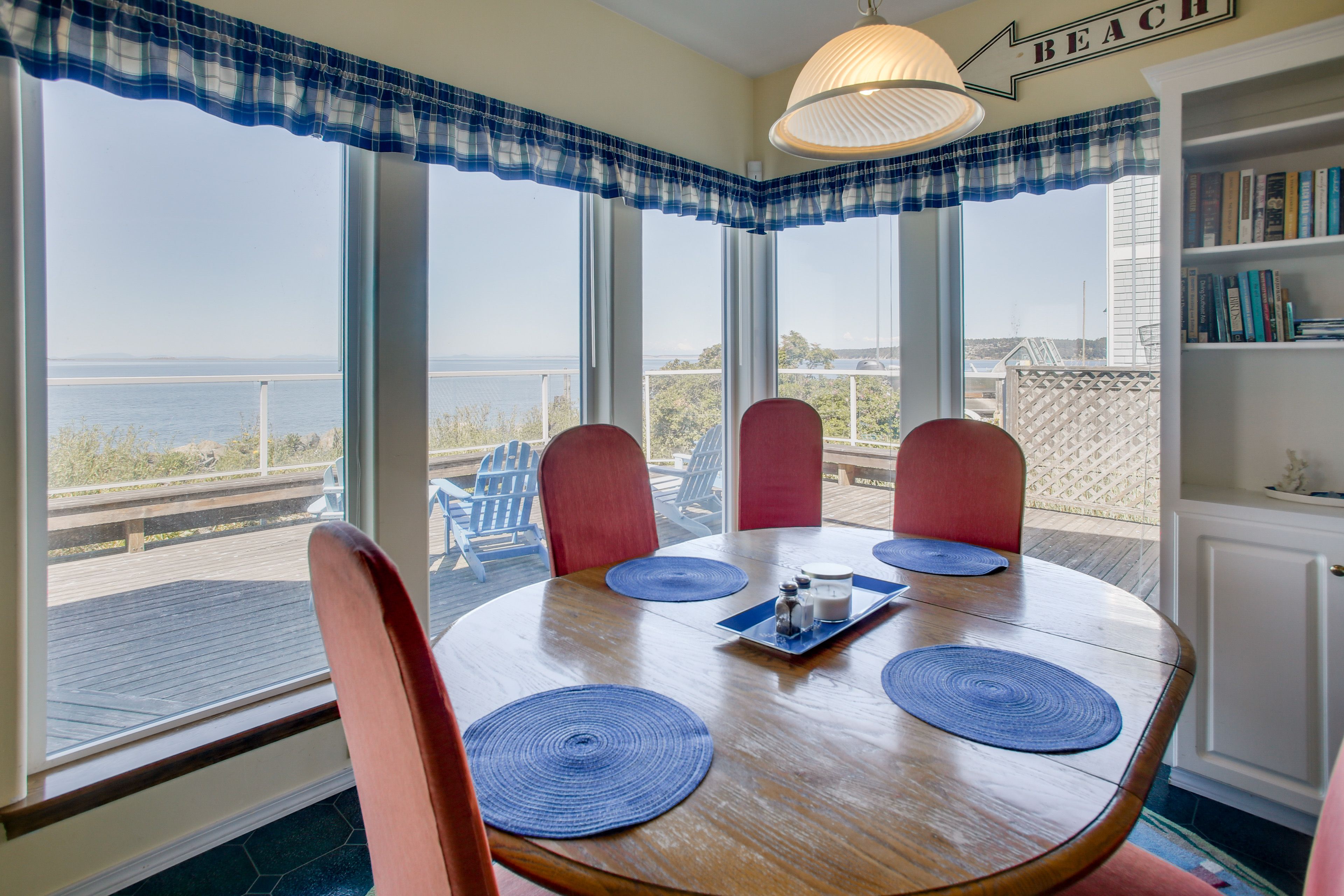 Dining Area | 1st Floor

__________

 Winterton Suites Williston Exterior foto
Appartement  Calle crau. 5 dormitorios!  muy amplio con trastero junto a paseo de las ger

__________

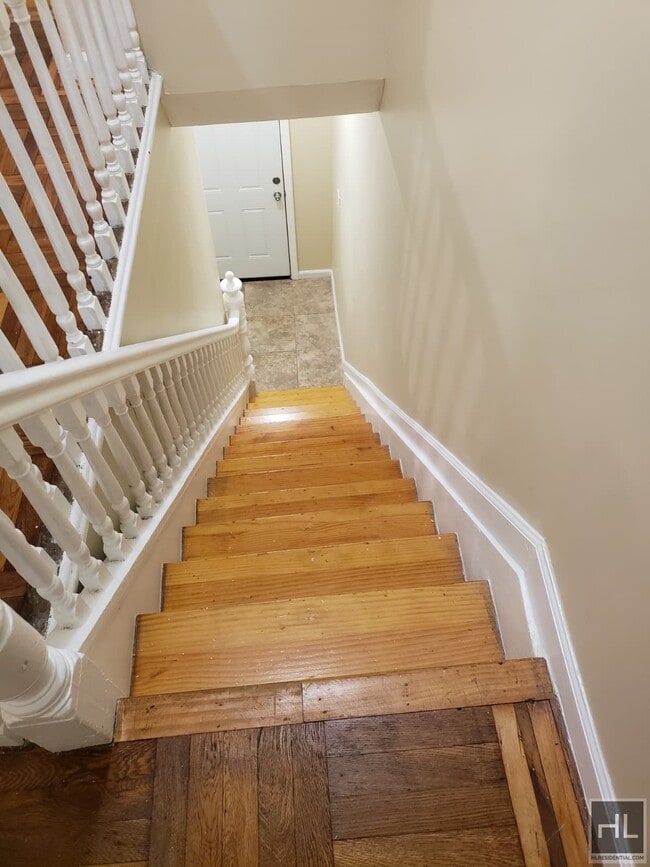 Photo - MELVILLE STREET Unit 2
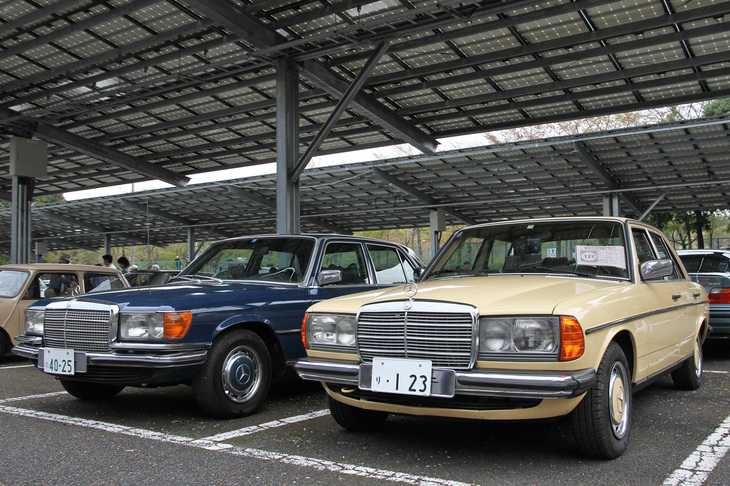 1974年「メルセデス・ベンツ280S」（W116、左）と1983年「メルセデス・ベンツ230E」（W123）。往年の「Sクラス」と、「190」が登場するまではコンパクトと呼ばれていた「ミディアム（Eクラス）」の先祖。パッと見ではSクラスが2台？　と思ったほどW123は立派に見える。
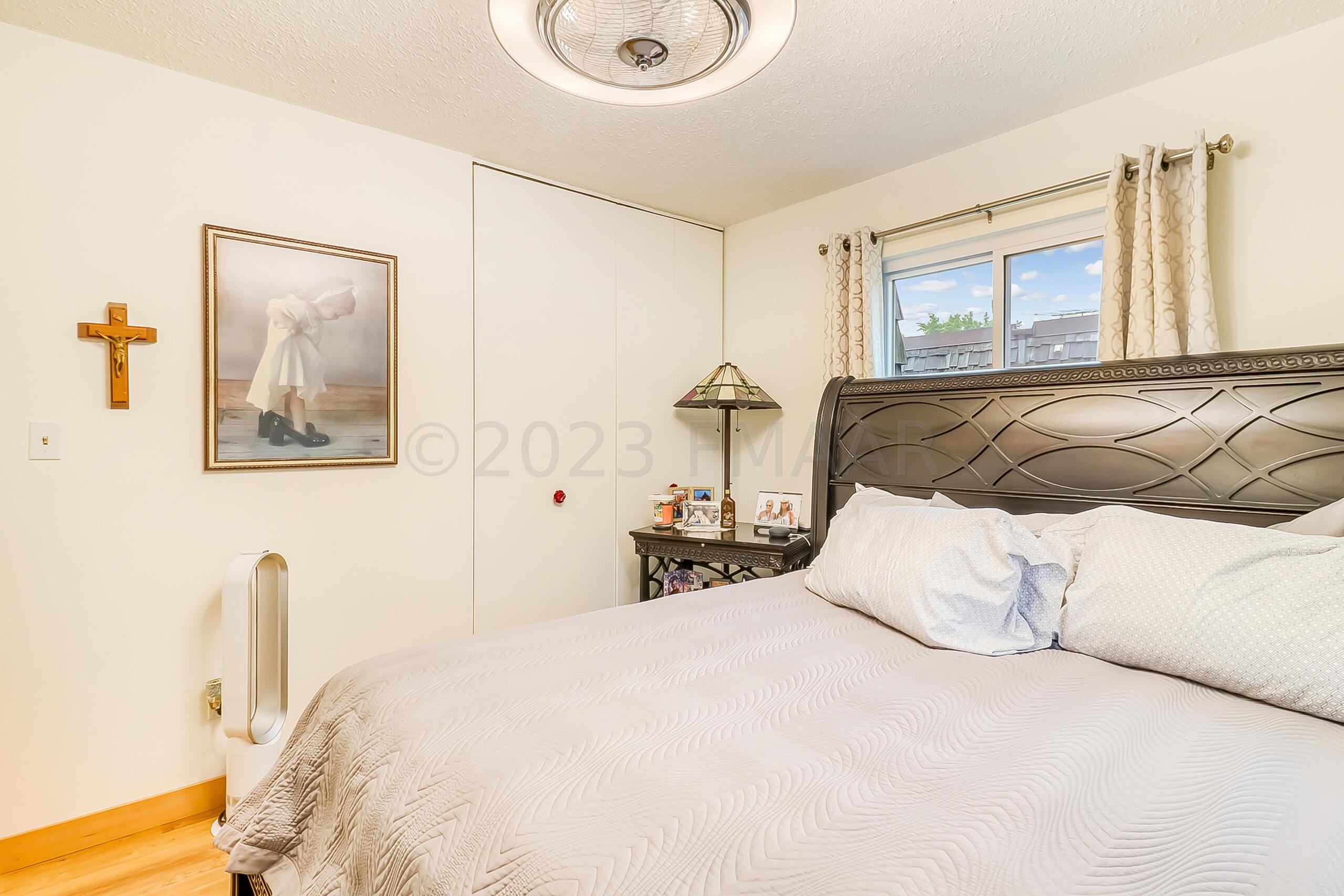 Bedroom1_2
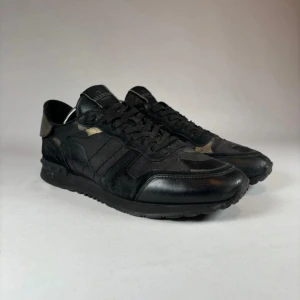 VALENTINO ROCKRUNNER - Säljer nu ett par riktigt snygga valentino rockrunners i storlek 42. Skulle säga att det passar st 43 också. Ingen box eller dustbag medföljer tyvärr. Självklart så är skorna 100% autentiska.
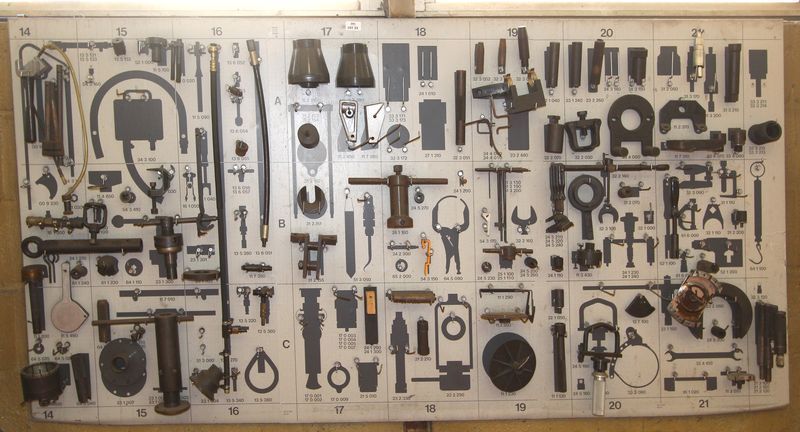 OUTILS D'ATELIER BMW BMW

__________

Print exactly the lines above from the one with "Winterton Suites Williston Exterior foto" to the one with "paseo de las ger", including both.

 Winterton Suites Williston Exterior foto
Appartement  Calle crau. 5 dormitorios!  muy amplio con trastero junto a paseo de las ger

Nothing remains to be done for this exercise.